Difficile è mascherare tutto questo da progetto didattico pedagogico culturale e sovrastorico, pur con la retorica pomposa impiegata a suo tempo dalla ministra Giannini – che cita le botteghe rinascimentali paragonandole alle Coop – coadiuvata dai potenti mezzi mediatici del Miur (qui il video di presentazione de “I campioni dell’alternanza).  Difficile, quando dalla parte opposta una nota della CGIL sostiene che al Sud – ma anche nel resto d’Italia – c’è il rischio che l’alternanza si trasformi in un serbatoio di lavoro gratuito.
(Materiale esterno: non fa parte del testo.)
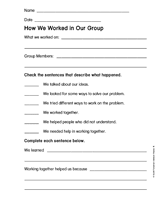 How We Worked in Our Group 1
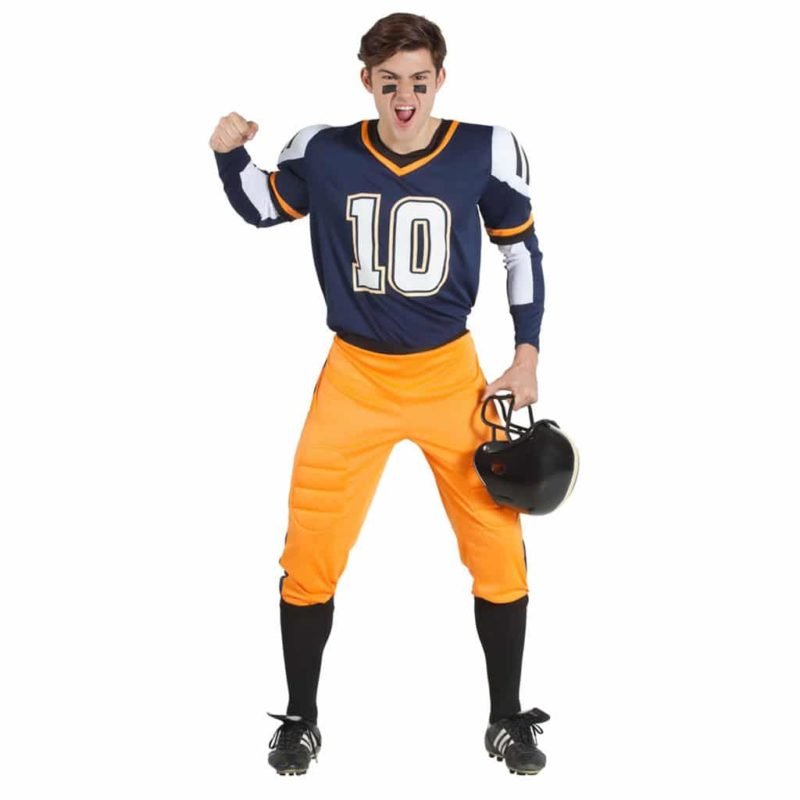 Costume da Giocatore di Rugby Azzurro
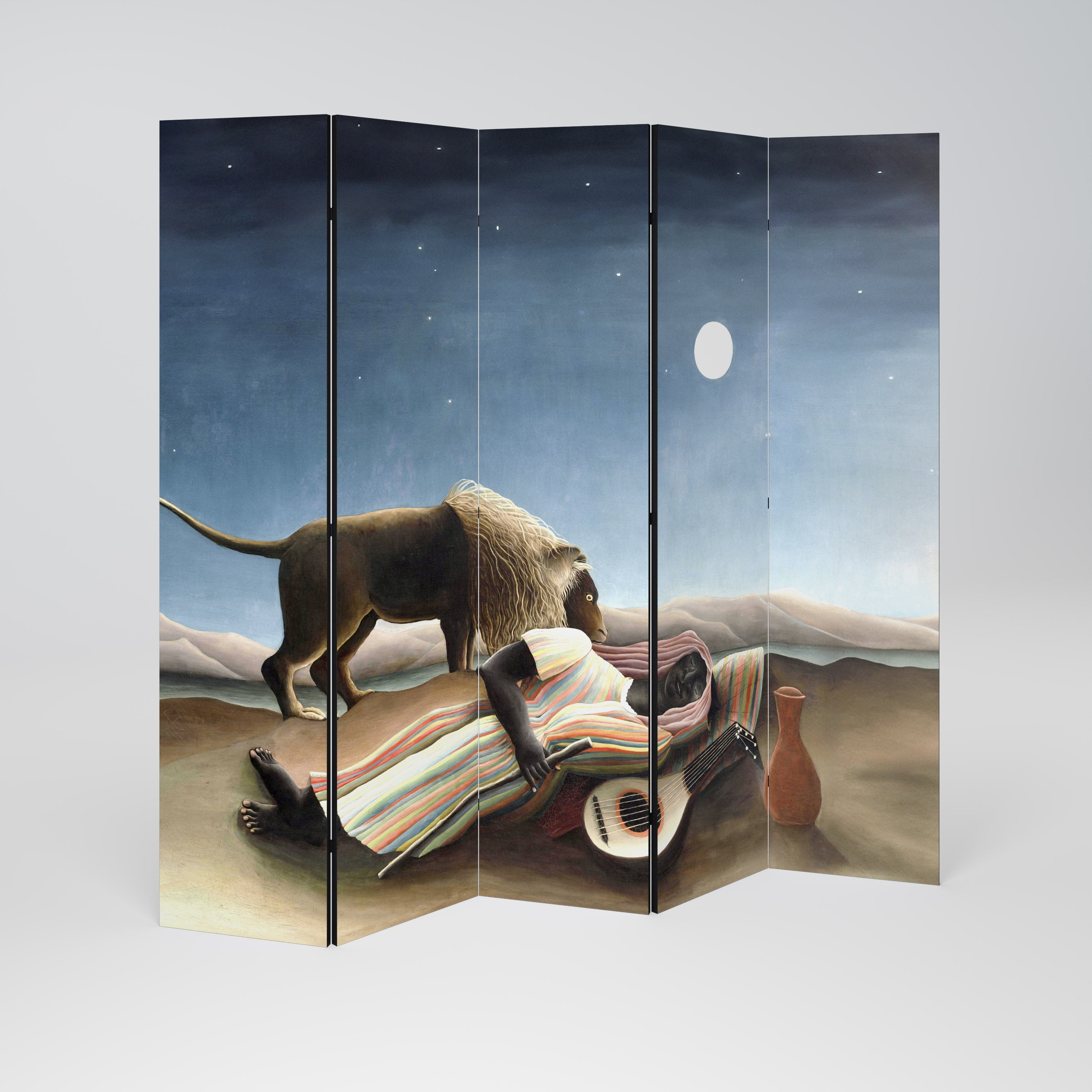 THE SLEEPING GYPSY Dekorativ rumsavdelare – 5 paneler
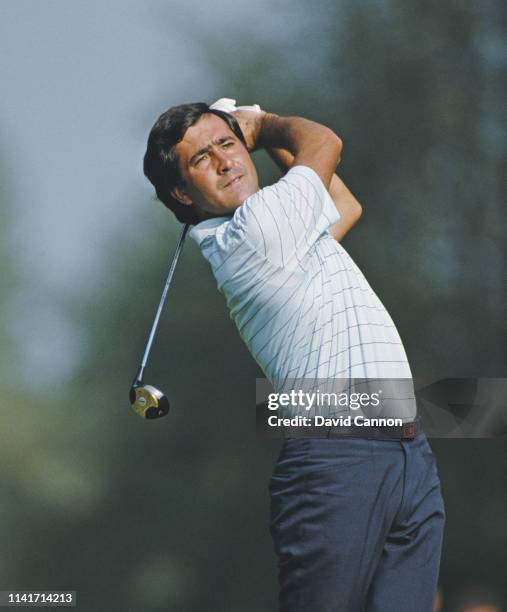 Seve Ballesteros of Spain during the Suntory World Match Play Championship on 26 September 1985 at the Wentworth Golf Club, Virginia Water, United...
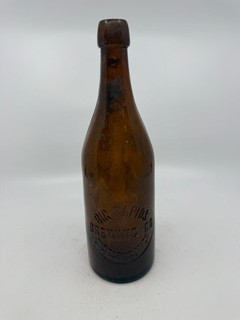 BIG RAPIDS BREWING CO MI MICHIGAN PRE PRO BLOB TOP ANTIQUE BEER BOTTLE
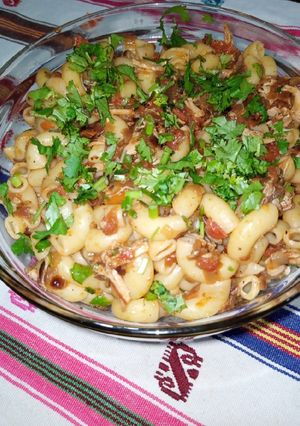 A picture of Tomato Masala Macaroni.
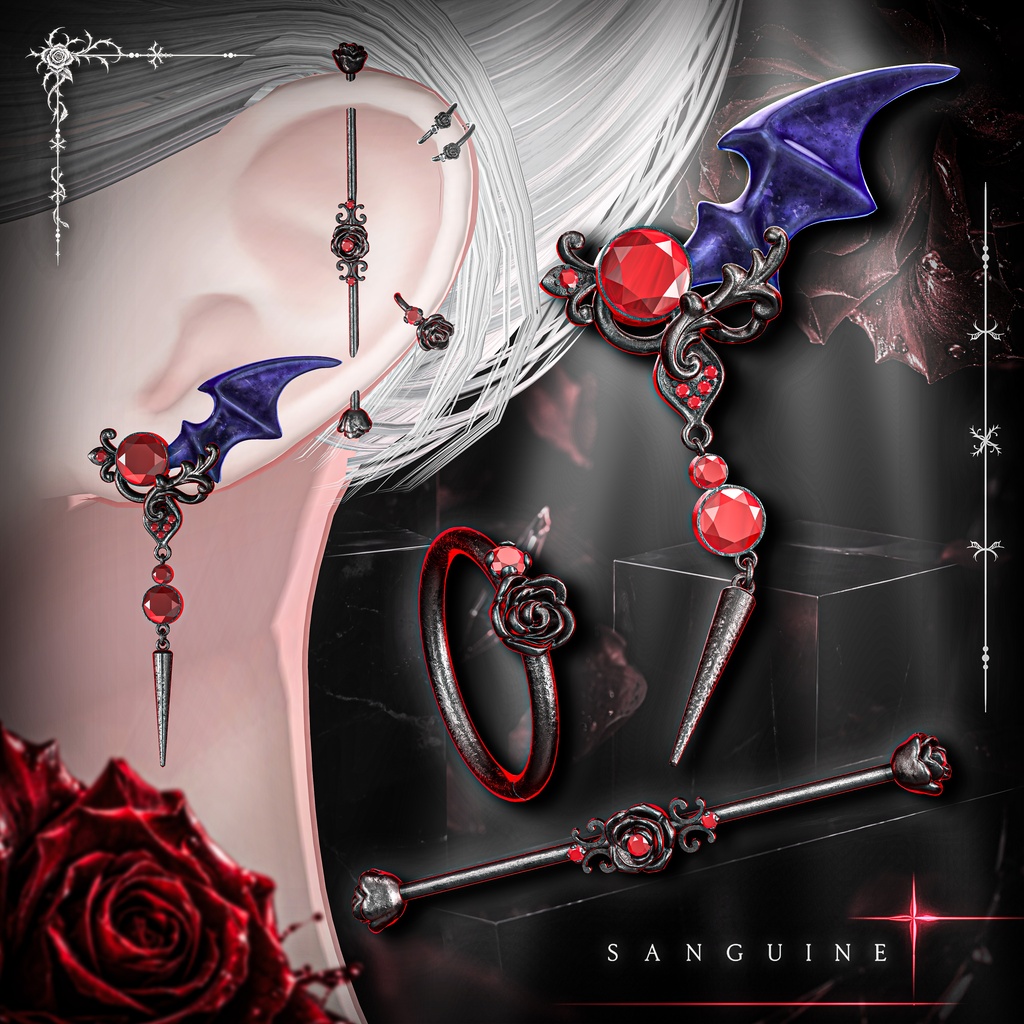 【VRChat想定】SANGUINE 【PB対応アクセサリー】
Difficile. Anzi impossibile se si aggiunge che gli studenti moderni sono sensibili a tematiche ambientali, ecologiste, sociali e umanitarie per cui risulta arduo immaginare che possano aderire alle filosofie aziendali di multinazionali come McDonald o Zara, due tra le maggiori aziende che offrono i percorsi.

È per questo che gli studenti non vogliono prestare la loro opera presso “quelle aziende ed enti che peccano in quanto a tutela dell’ambiente, investimenti in formazione e rispetto per i lavoratori, in cui ci costringono a fare l’alternanza scuola lavoro.”
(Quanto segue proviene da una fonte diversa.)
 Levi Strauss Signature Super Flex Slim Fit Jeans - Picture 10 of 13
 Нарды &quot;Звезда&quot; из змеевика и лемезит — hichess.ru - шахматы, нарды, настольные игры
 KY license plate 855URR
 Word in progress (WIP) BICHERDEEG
Per uno studente, collaborare – seppure per 200 o 400 ore – con un’azienda implicata nello sfruttamento del lavoro minorile o dei lavoratori in Bangladesh, nella deforestazione dell’Amazzonia o nello sfruttamento intensivo di allevamenti animali e nella loro macellazione, o nella somministrazione di cibi non salutari, potrebbe rappresentare un caso di coscienza e di consapevolezza civile e politica.

Recentemente, in un liceo triestino, una parte di studenti si è rifiutata di partecipare a una “lezione e discussione” tenuta da una multinazionale della ristorazione dimostrando la propria contrarietà con un sit.in.  Non hanno voluto credere alla circolare del dirigente che evidenziava la “rilevanza e prestigio dell’Azienda invitata”.

Le aziende multinazionali che propongono i percorsi di alternanza lo fanno certi della loro penetrazione capillare e lo fanno con la stessa retorica acuta della ministra Giannini ma vi aggiugono una competenza comunicativa affilata e precisa come un bisturi. È la legge del marketing.

Ma qualunque sia l’azienda che propone i percorsi di alternanza scuola-lavoro, la domanda critica che questi casi pongono è se l’obiettivo didattico e pedagogico di questa legge, se il fine di ridurre la disoccupazione giovanile possano consistere ed esaurirsi nell’acquisizione di soft skills, di competenze trasversali, di customer care ovvero – in parole povere – nel saper accogliere e assistere un cliente, o intrattenere dei bambini a una festa di compleanno, o aiutare a fare un ordine elettronico, delle fotocopie, un volantino.

In questi casi di alternanza scuola-lavoro sarà prevista l’obiezione di coscienza? Intanto si sciopera.